What is art?
May 2nd, 2008 | By Ophelia
Every artform is a reflection of another, and all art is a mirror which reflects not only ourselves and our lives but the experiences of all humanity.
To truly appreciate art we must understand its symbolic significance, its past and its present, its history and its future, its connection to ourselves and the world around us. Never does there exist only one layer of meaning. Nothing is what it seems. As Oscar Wilde once said, “All art is at once surface and symbol.” Nothing is by accident, and everything is one. “There are many philosophical systems – such as Taoism and Buddhism – which make no distinction between creator and creature. People no longer try to decipher the mystery of life, but choose instead to be part of it…The Spirit finally merges with the Material, and the two are united and transformed.” (from ‘The Witch of Portobello’ by Paulo Coelho)
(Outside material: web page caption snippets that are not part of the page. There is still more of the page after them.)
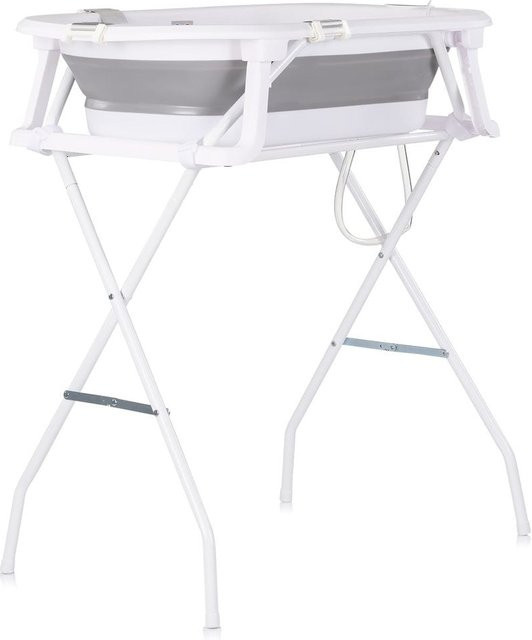 Chipolino Babybadewanne-Set Malibu in Grau mit Ständer, Thermometer und Ablauf, klappbar, Länge: 78 cm - Bild 1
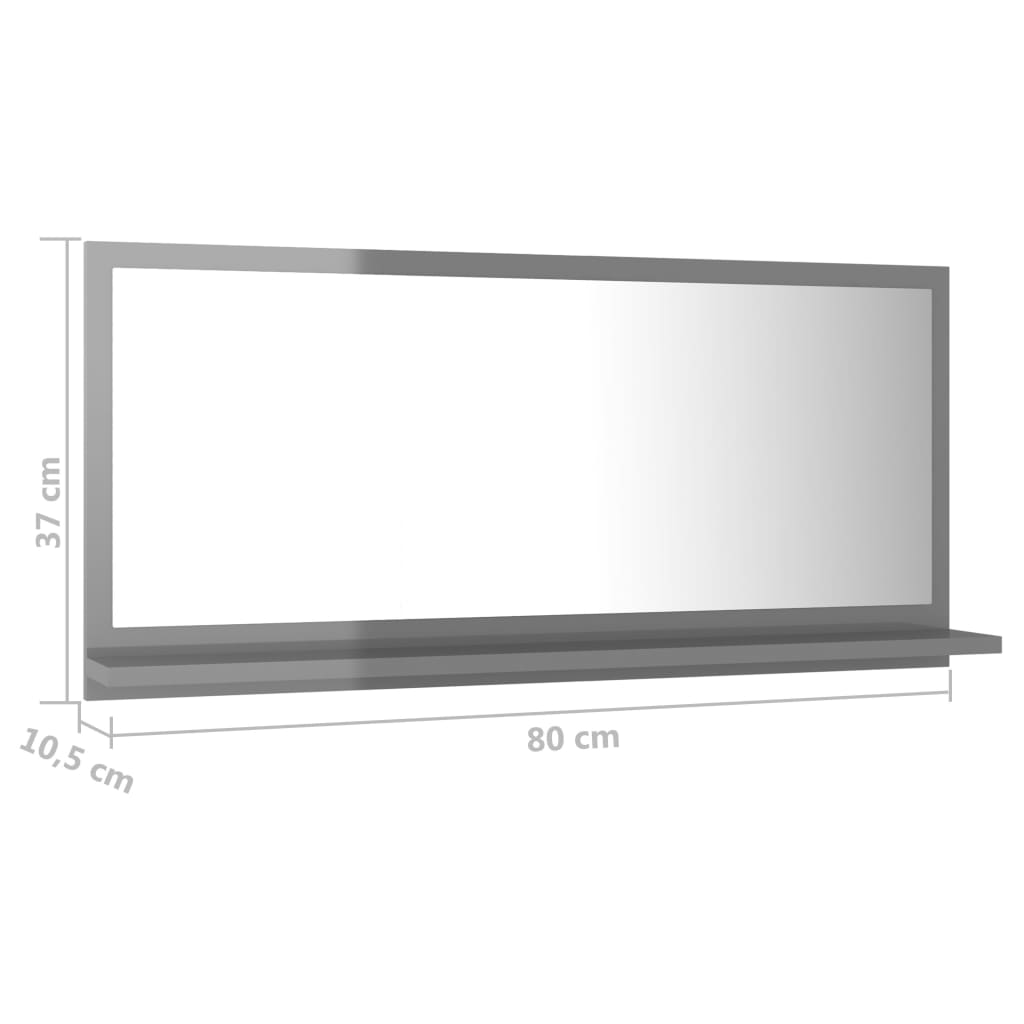 Bathroom Mirror High Gloss Grey 80x10.5x37 cm Engineered Wood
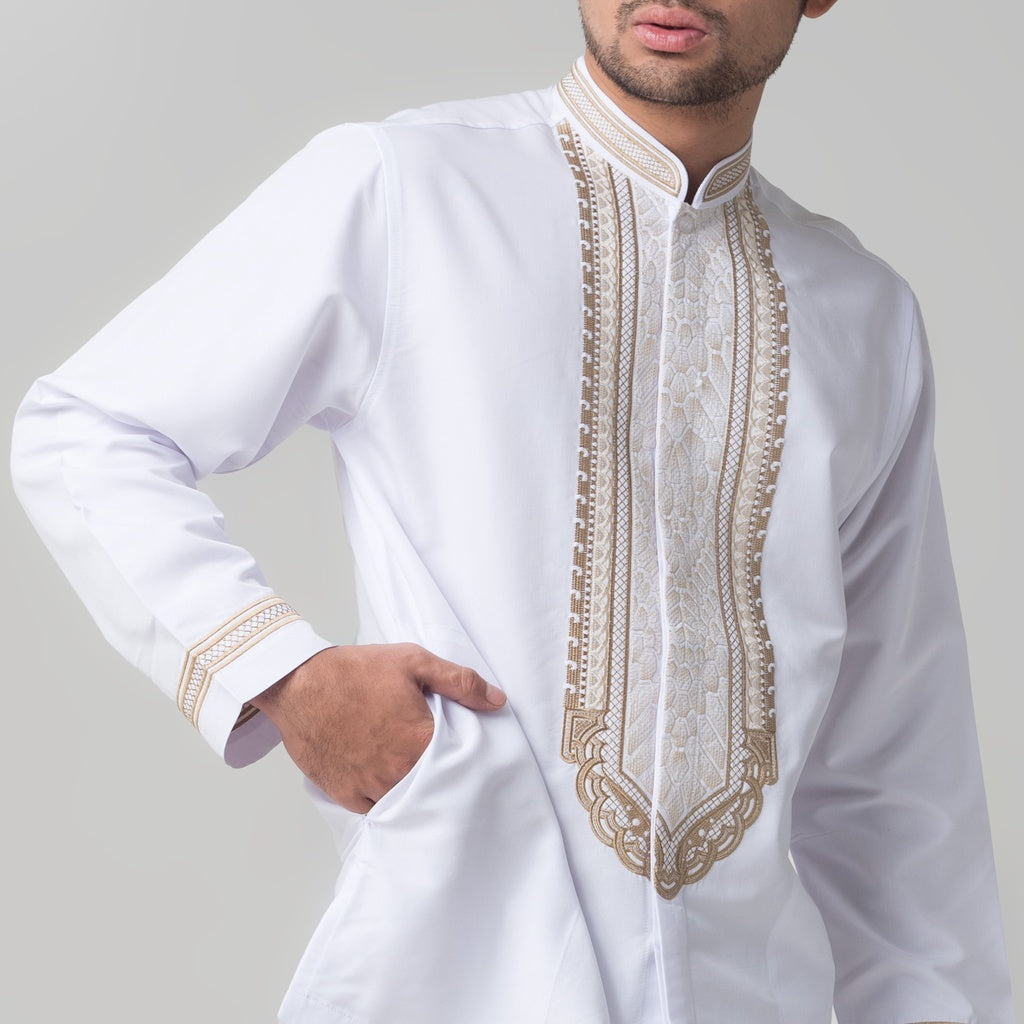 Benhill Taqwa Koko Bordir Pria Lengan Panjang Putih 2167-32107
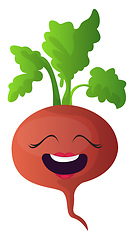 Image showing Happy red turnip with green leaf illustration vector on white ba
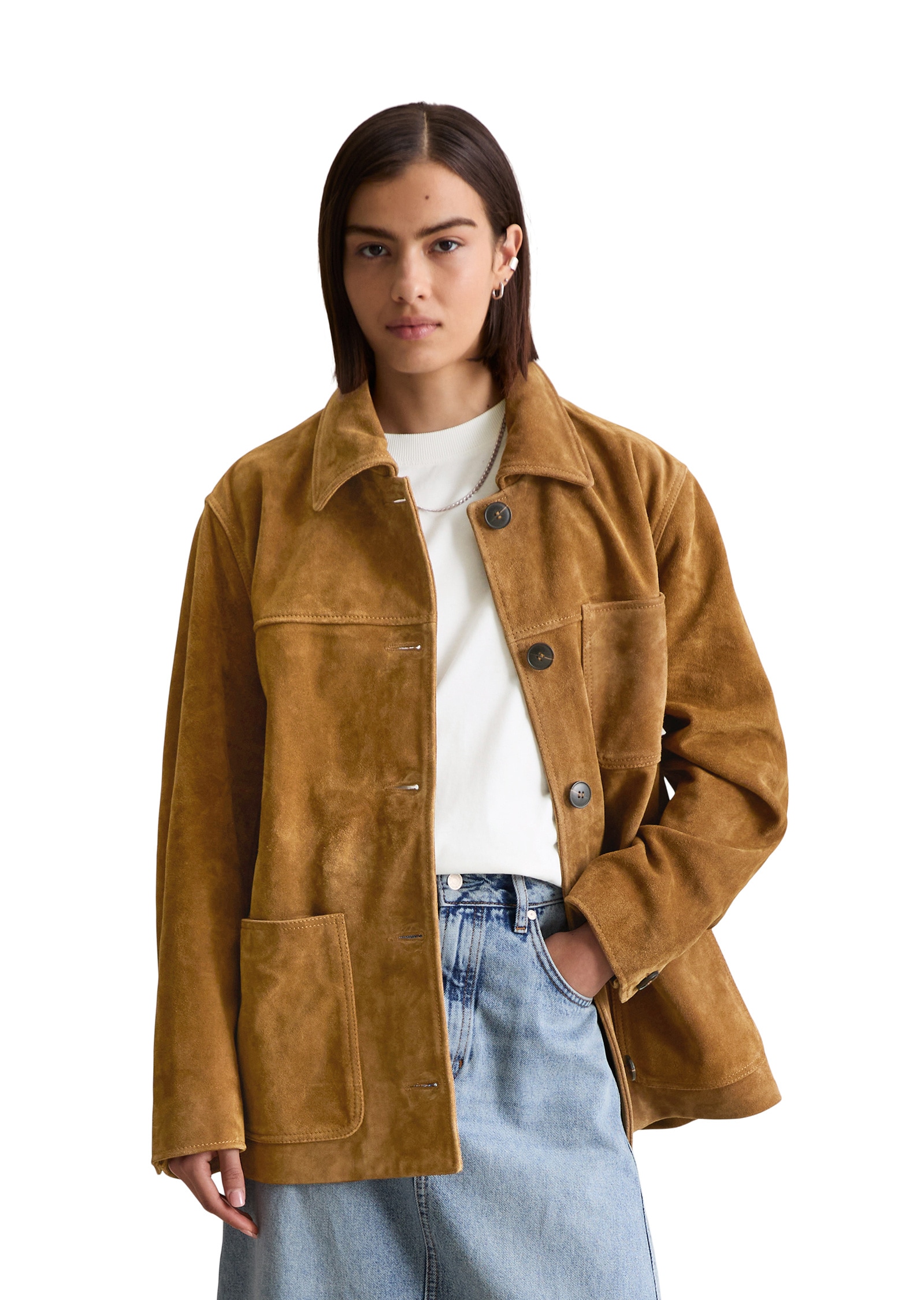 Marc OPolo DENIM Lederjacke "im Barnjacket-Stil", ohne Kapuze günstig online kaufen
In our society we are taught from birth to trust the logic and rationality of our conscious mind. But many of us exist without ever understanding that “completely new thoughts and creative ideas can also present themselves from the unconscious. They grow up from the dark depths of the mind like a lotus and form a most important part of the subliminal psyche.” According to Jung, we can unlock our unconscious through our dreams. “One cannot afford to be naïve in dealing with dreams. They originate in a spirit that is not quite human, but is rather a breath of nature – a spirit of the beautiful and generous as well as of the cruel goddess. If we want to characterize this spirit, we shall certainly get closer to it in the sphere of ancient mythologies, or the fables of the primeval forest, than in the consciousness of modern man. I am not denying that great gains have resulted from the evolution of civilized society. But these gains have been made at the price of enormous losses, whose extent we have scarcely begun to estimate.”
Many of us have lost touch with the ritual, the spiritual, the mystic, the sacred. Many of us have lost touch with emotion, experience, empathy and humanity. It is art which reminds us that we must once again embrace “the edge of certainty beyond which conscious knowledge cannot pass.”It reminds us to feel again, to lose ourselves in something which is both beyond reason and before reason – something both primeval and eternal in the same moment.